I also think it is very useful for us to write tests about the properties of our systems for re-use in PyPy (which does use hypothesis, by the way) and other implementations of Python. This kind of "define the contract and maintain tests to enforce that" is very helpful for alternate implementations.

> For numeric code, hypothesis is difficult to use and requires many restrictions on the bounds of variables and error tolerances.  [...]

I do not think that we need to make hypothesis tests mandatory. They can be used when someone finds them useful.

> The main area where hypothesis seems easy to use and gives some comfort is in simple roundtrips:  assert zlib.decompress(zlib.compress(s)) == s.  However, that is only a small fraction of our test cases.

Even if this were the only time that hypothesis were useful (I don't think it is), some of these round-trips can be among the trickiest and important code to test, even if it's a small fraction of the tests. We have a bunch of functions that are basically "Load this file format" and "Dump this file format", usually implemented in C, which are a magnet for CVEs and often the target for fuzz testing for that reason. Having a small library of maintained tests for round tripping file formats seems like it would be very useful for people who want to donate compute time to fuzz test CPython (or other implementations!)

> Speed is another issue.  During development, it doesn't matter much if Hypothesis takes a lot of time exercising one function.  But in the standard library tests already run slow enough to impact development.  If hypothesis were to run everytime we run a test suite, it would make the situation worse.

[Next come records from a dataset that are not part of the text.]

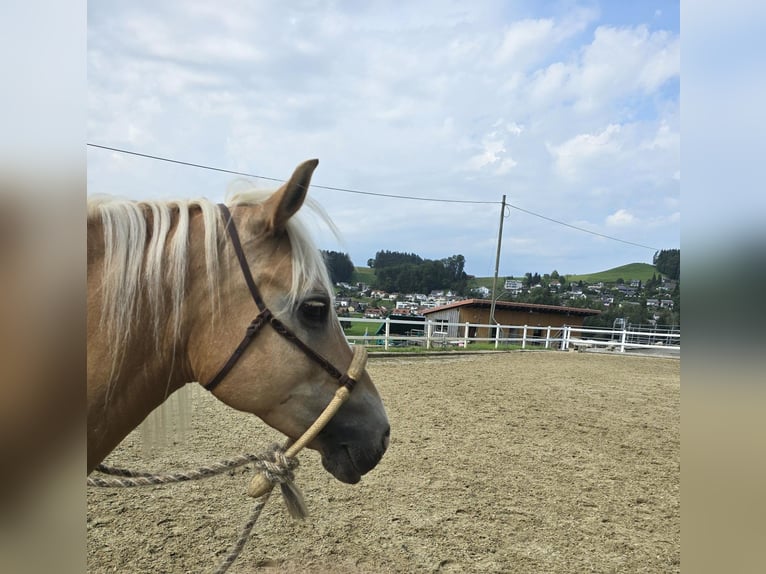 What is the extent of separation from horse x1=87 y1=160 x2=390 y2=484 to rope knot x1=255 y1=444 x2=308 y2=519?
0.30 feet

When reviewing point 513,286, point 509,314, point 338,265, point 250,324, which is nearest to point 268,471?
point 250,324

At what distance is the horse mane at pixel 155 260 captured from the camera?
3.91 ft

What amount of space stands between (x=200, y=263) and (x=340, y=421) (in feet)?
2.18

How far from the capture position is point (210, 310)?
1.28 meters

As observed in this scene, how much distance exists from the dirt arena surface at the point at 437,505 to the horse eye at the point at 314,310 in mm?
773

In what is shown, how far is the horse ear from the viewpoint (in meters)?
1.22

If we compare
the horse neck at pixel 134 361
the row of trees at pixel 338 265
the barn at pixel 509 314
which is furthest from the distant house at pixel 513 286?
the horse neck at pixel 134 361

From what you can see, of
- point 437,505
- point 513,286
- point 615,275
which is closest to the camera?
point 437,505

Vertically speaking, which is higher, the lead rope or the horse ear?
the horse ear

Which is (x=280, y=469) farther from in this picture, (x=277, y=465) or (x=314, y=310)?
(x=314, y=310)

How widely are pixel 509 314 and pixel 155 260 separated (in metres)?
25.2

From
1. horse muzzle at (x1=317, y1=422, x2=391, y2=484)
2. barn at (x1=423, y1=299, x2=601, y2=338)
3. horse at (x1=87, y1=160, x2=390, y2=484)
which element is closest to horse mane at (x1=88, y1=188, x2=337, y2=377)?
horse at (x1=87, y1=160, x2=390, y2=484)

As mentioned in the initial ticket, the current plan I'm suggesting is to have fallback stubs which turn your property tests into parameterized tests when hypothesis is not installed. If we're good about adding `@example` decorators (and certainly doing so is easier than writing new ad hoc tests for every edge case we can think of when we already have property tests written!), then I don't see any particular reason to run the full test suite against a full hypothesis run on every CI run.

My suggestion is:

1. By default, run hypothesis in "stubs" mode, where the property tests are simply parameterized tests.
2. Have one or two CI jobs that runs *only* the hypothesis tests, generating new examples — since this is just for edge case detection, it doesn't necessarily need to run on every combination of architecture and platform and configuration in our testing matrix, just the ones where it could plausibly make a difference.
3. Ask users who are adding new hypothesis tests or who find new bugs to add @example decorators when they fix a failing test case.

With the stubs, these tests won't be any slower than other tests, and I think a single "hypothesis-only" CI job done in parallel with the other jobs won't break the compute bank. Notably, we can almost certainly disable coverage detection on the edge-case-only job as well, which I believe adds quite a bit of overhead.

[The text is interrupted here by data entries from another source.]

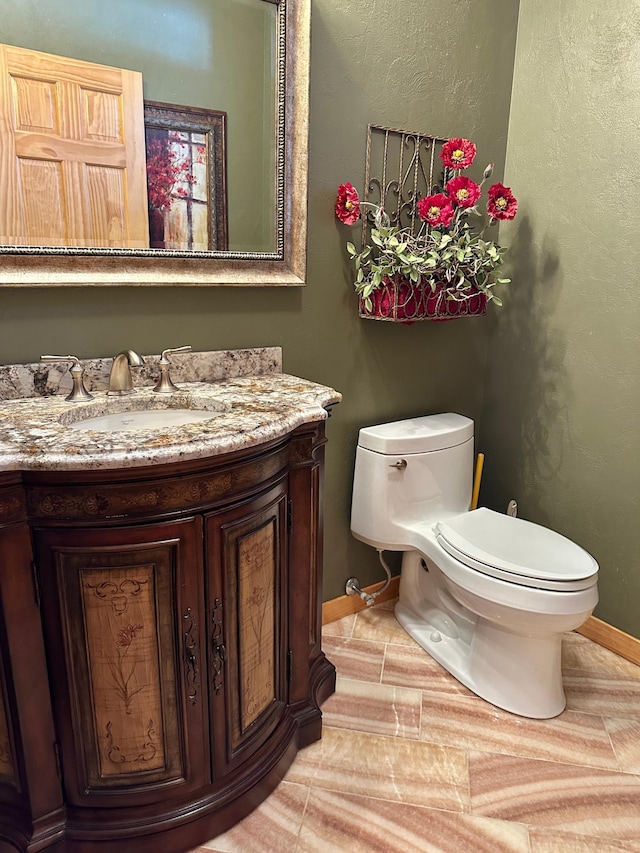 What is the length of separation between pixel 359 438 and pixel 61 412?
96cm

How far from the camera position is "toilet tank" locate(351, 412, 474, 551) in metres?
1.91

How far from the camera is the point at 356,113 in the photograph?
1.74 m

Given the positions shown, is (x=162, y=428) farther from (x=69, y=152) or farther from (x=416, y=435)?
(x=416, y=435)

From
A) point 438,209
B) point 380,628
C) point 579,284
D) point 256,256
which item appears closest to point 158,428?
point 256,256

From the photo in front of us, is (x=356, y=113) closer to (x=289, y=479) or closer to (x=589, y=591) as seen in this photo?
(x=289, y=479)

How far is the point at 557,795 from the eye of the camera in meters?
1.47

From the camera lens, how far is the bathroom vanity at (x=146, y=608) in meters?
1.07

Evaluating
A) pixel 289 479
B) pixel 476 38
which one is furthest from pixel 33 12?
pixel 476 38

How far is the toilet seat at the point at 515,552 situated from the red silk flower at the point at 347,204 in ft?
3.20

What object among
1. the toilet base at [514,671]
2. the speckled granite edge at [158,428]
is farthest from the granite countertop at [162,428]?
the toilet base at [514,671]

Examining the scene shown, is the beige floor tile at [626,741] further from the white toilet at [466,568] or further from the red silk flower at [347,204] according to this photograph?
the red silk flower at [347,204]

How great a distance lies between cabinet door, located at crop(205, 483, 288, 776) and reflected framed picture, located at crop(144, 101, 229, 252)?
27.6 inches

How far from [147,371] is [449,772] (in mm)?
1283

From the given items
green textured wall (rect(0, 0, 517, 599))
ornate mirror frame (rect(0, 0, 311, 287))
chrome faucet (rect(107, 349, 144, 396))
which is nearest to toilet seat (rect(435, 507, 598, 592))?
green textured wall (rect(0, 0, 517, 599)) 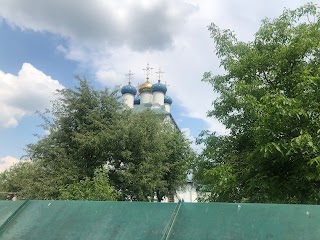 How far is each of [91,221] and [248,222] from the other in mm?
1982

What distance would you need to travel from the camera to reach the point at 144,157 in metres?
18.4

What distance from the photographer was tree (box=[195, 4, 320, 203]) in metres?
6.23

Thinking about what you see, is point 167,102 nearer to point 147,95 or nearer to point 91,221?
point 147,95

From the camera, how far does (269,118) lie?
6195mm

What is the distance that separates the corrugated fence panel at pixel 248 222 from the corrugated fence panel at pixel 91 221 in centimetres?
30

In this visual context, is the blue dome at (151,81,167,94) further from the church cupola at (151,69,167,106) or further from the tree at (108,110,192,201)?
the tree at (108,110,192,201)

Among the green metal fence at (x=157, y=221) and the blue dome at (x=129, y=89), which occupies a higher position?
the blue dome at (x=129, y=89)

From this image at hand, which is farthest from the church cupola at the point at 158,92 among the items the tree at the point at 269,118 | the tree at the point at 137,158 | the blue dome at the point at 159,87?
the tree at the point at 269,118

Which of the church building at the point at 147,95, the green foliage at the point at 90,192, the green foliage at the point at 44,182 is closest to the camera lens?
the green foliage at the point at 90,192

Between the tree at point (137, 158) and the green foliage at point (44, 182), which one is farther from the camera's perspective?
the tree at point (137, 158)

> There is also a learning curve issue.  We're adding more and more things that newcomer's have to learn before they can contribute (how to run blurb, how to use the argument clinic, etc).  Using Hypothesis is a learned skill and takes time.

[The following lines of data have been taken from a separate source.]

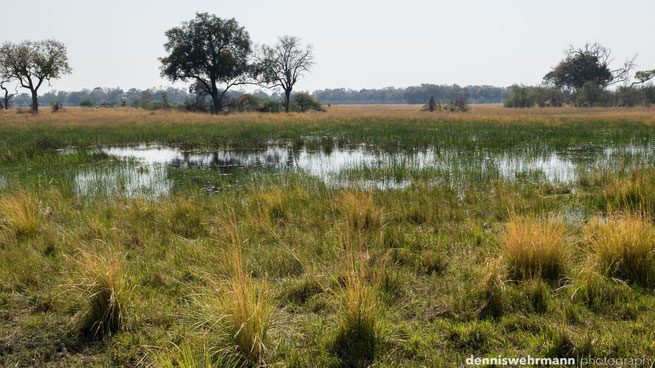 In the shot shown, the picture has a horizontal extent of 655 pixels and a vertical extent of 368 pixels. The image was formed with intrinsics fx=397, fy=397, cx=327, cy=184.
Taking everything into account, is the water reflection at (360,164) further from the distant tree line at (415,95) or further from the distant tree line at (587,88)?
the distant tree line at (415,95)

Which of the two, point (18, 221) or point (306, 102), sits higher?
point (306, 102)

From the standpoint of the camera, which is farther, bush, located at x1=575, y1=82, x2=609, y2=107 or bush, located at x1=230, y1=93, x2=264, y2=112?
bush, located at x1=575, y1=82, x2=609, y2=107

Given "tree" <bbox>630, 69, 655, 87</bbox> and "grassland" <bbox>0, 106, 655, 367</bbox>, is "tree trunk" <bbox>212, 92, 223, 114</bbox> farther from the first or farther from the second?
"tree" <bbox>630, 69, 655, 87</bbox>

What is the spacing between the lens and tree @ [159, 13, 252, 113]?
4588cm

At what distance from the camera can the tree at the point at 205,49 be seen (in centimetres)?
4588

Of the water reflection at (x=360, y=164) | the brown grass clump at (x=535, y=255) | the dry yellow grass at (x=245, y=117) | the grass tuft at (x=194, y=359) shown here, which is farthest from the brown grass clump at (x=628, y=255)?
the dry yellow grass at (x=245, y=117)

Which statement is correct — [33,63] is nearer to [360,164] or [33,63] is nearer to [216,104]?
[216,104]

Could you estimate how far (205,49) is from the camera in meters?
46.3

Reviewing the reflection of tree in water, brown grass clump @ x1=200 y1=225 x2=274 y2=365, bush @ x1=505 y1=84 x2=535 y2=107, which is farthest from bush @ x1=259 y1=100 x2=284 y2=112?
brown grass clump @ x1=200 y1=225 x2=274 y2=365

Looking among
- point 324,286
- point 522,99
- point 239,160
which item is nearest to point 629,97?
point 522,99

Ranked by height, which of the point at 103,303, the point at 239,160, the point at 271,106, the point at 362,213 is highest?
the point at 271,106

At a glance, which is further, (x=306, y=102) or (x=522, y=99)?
(x=522, y=99)

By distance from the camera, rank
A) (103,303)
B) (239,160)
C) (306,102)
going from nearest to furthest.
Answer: (103,303) < (239,160) < (306,102)

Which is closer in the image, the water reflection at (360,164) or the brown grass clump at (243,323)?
the brown grass clump at (243,323) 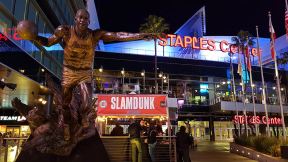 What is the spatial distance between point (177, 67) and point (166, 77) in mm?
2253

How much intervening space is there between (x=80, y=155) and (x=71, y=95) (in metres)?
1.11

Again I don't think hypothesis tests are *mandatory* or that we plan to replace our existing testing framework with hypothesis tests. The median newcomer won't need to know anything about hypothesis testing any more than they need to know the details of the grammar or of the ceval loop to make a meaningful contribution. I don't even expect them to make up a large fraction of our tests. I'm a pretty big fan of hypothesis and used it extensively for zoneinfo, and yet only 13% of the tests (by line count) are property tests:

$ wc -l tests/test_zoneinfo*
  325 tests/test_zoneinfo_property.py
 2138 tests/test_zoneinfo.py
 2463 total

I will not deny that there *are* costs to bringing this into the standard library, but I that they can largely be mitigated. The main concern is really ensuring that we can bring it on board without making our CI system more fragile and without shifting much (if any) concern about fixing bitrot associated with the hypothesis tests onto the buildbot maintainers and release managers.